**RECORDS TO PROCESS:**
== Segment start ==
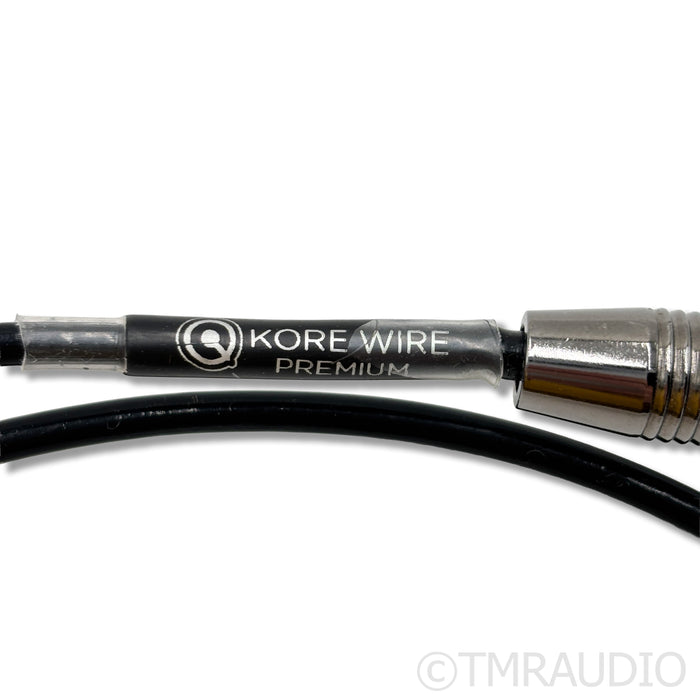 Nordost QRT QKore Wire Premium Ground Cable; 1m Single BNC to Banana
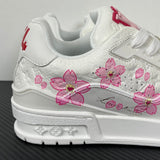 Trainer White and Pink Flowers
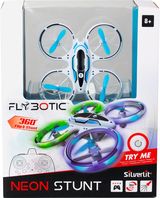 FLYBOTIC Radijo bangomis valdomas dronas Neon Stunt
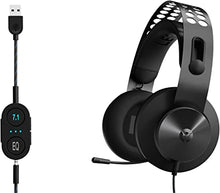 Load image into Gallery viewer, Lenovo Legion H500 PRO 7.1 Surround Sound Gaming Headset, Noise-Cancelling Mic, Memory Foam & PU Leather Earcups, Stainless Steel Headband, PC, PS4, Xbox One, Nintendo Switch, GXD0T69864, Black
== Segment end ==
== Segment start ==
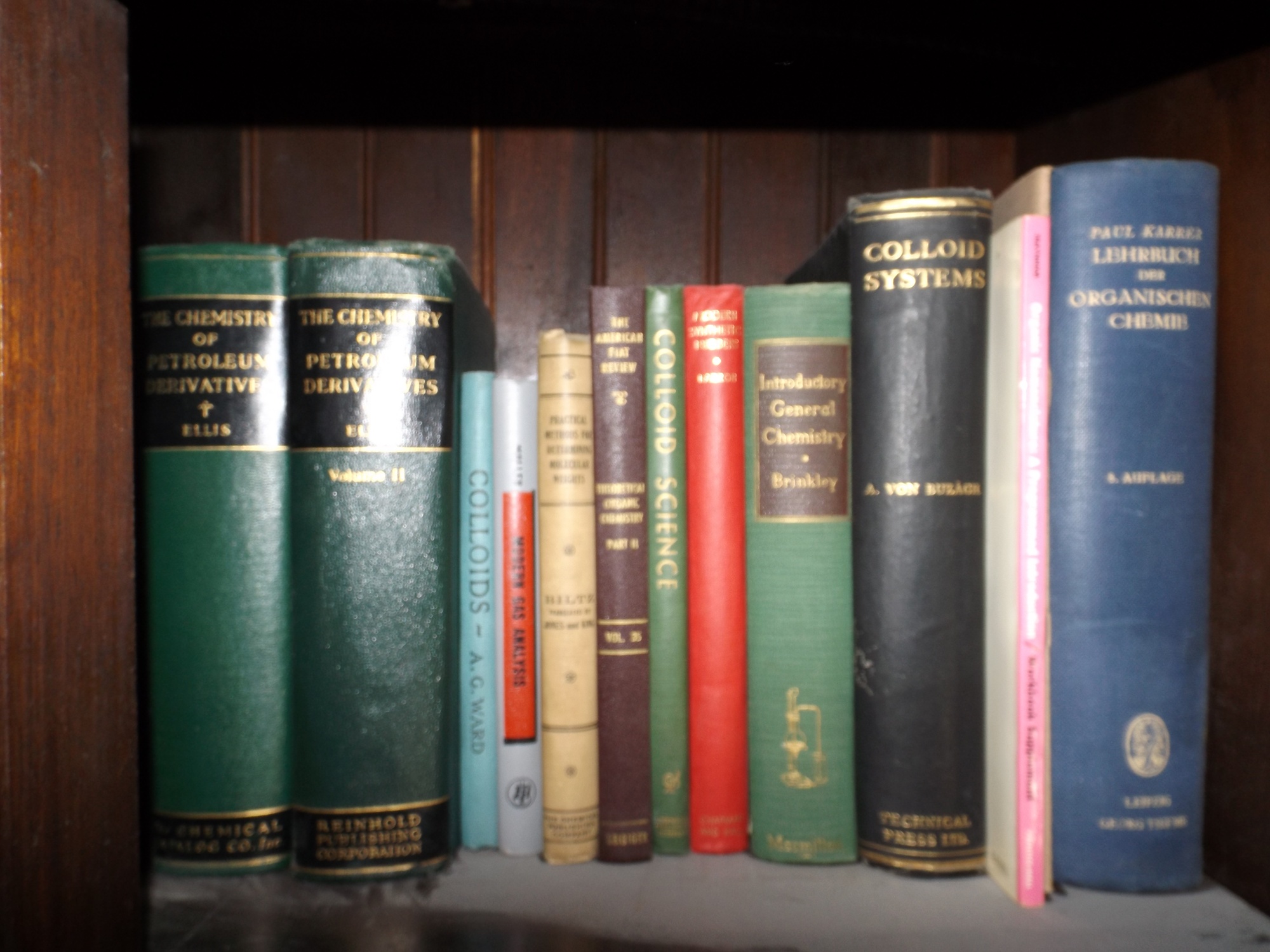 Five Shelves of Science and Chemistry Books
== Segment end ==
== Segment start ==
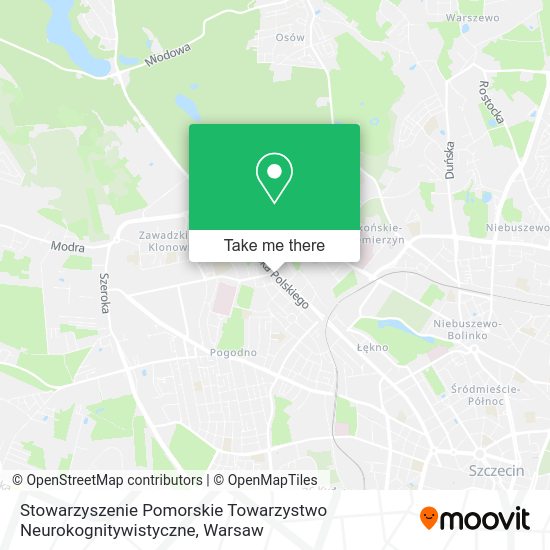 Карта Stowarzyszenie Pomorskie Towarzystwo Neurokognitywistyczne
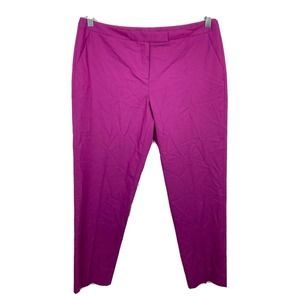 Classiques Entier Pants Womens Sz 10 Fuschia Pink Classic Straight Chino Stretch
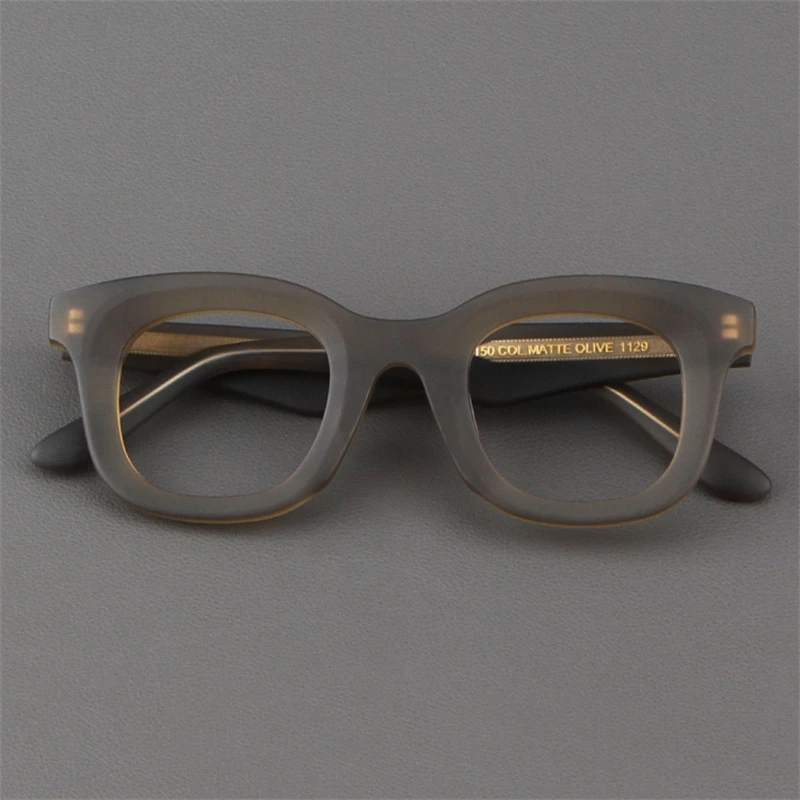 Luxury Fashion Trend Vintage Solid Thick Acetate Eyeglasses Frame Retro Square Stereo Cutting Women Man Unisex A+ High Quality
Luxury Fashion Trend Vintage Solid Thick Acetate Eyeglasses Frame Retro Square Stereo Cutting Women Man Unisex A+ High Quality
== Segment end ==
**EXERCISE OBJECTIVE:** Copy the entries above exactly, but only the stretch from the line containing "Nordost QRT QKore" through the line containing "Load image into". Keep both end lines; drop the pictures.

**OUTPUT OF THE EXERCISE:**
 Nordost QRT QKore Wire Premium Ground Cable; 1m Single BNC to Banana
 Trainer White and Pink Flowers
 FLYBOTIC Radijo bangomis valdomas dronas Neon Stunt
 Load image into Gallery viewer, Lenovo Legion H500 PRO 7.1 Surround Sound Gaming Headset, Noise-Cancelling Mic, Memory Foam & PU Leather Earcups, Stainless Steel Headband, PC, PS4, Xbox One, Nintendo Switch, GXD0T69864, Black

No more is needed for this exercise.